Delurking because this is a topic of great interest to me right now...
I have been very absorbed in the work of Daniel Dennett as of late. A
strict materialist through and through, Dennett nevertheless believes
we have free will. He would fall under Loren's "option 3". His book
"Freedom Evolves" is especially useful in this regard. In many ways
it is a continuation of his discussions in "Darwin's Dangerous Idea"

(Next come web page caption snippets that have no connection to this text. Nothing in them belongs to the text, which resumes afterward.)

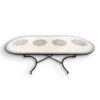 Elegant Moroccan Mosaic Table: A Timeless Work of Art for Your Indoor or Outdoor Oasis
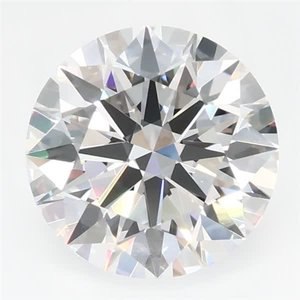 Diamond Lab Grown Round 1.88ct VVS2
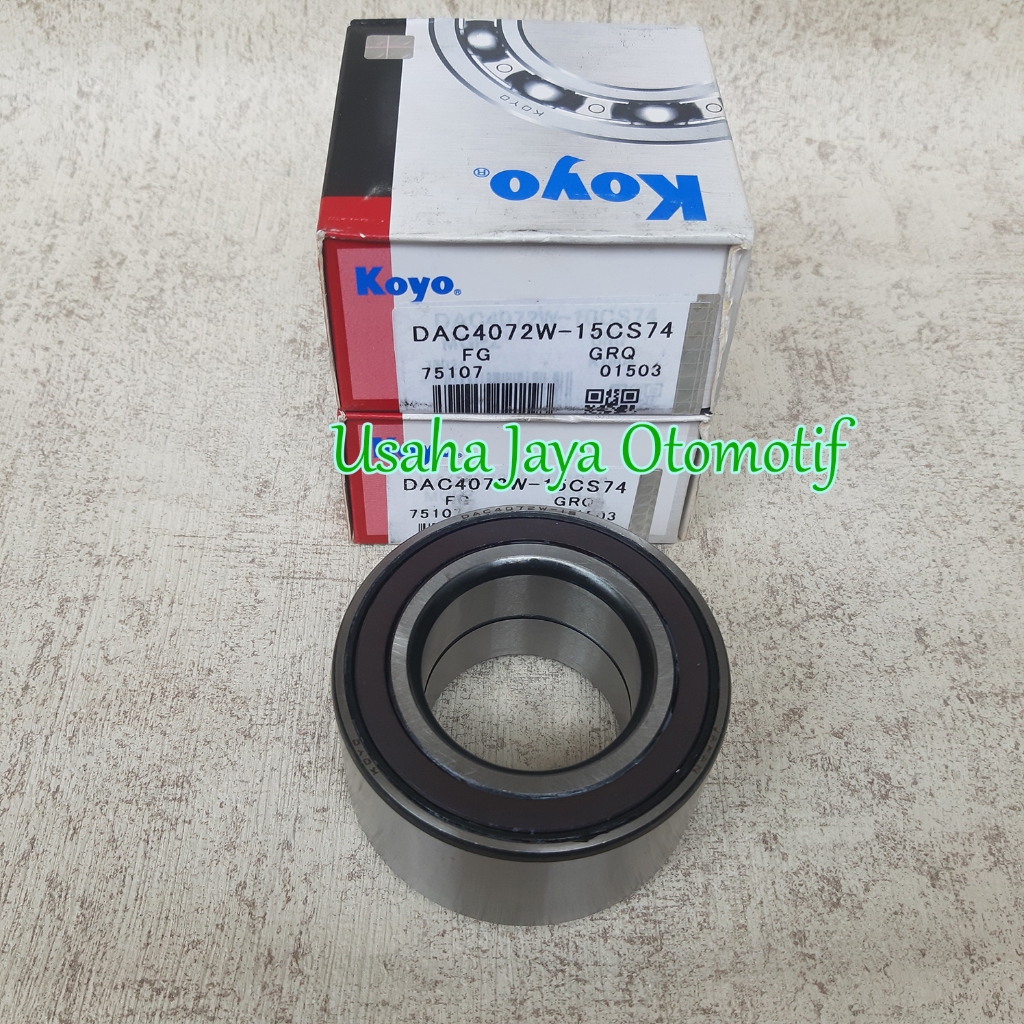 BEARING DAC4072 ABS BERING RODA DEPAN DAC 4072 SWIFT SPLASH SENSOR ABS KOYO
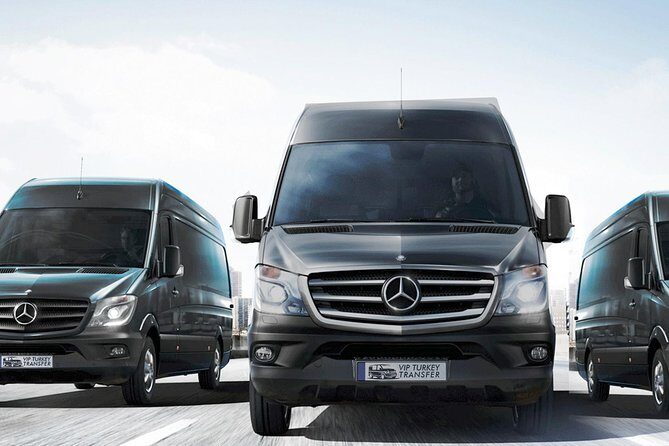 Sabiha Gokcen Airport Transfer (1-13 passengers) - One way - How long the ride takes (and why Istanbul traffic rules)
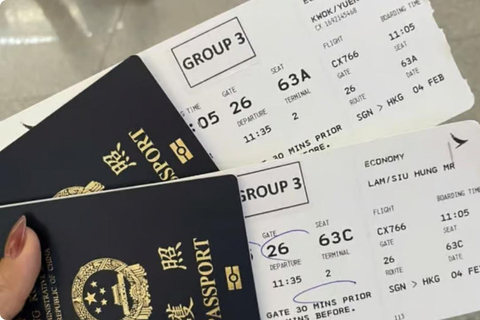 Fastrack at Cam Ranh ( CXR) International Airport (Option) Option SIM 4GB Only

about strong AI and the ability to "design in" free will using
evolutionary considerations.
Dennett argues that the usual discussion of "free will" is trapped in
predictable ruts due to determinism/indeterminism debates (he thinks
them irrelevant to the question) or monism/dualism debates (he finds
no merit in dualism). His argument follows a different form: there
are several ways we could define free will, and only some of them are
"varieties of free will worth wanting." Say you were lining up for a
golf putt, and you missed. If determinism is true, there really
wasn't a way you COULD have made the putt. But from Dennett's
perspective, because we have the ability to, say, choose to practice
our golf game, there exists a set of circumstances in which we can
make future putts. Indeed, evolutionary forces have brought us to
this level of sophistication -- and morality (consider the ant, thou
sluggard) -- by allowing our brains to communicate with our "future
selves" in such a way that we can plan out such remedial golf work in
order to improve our "fitness" for golf. That we can improve our
fitness for something so mundane is a happy by-product of evolution.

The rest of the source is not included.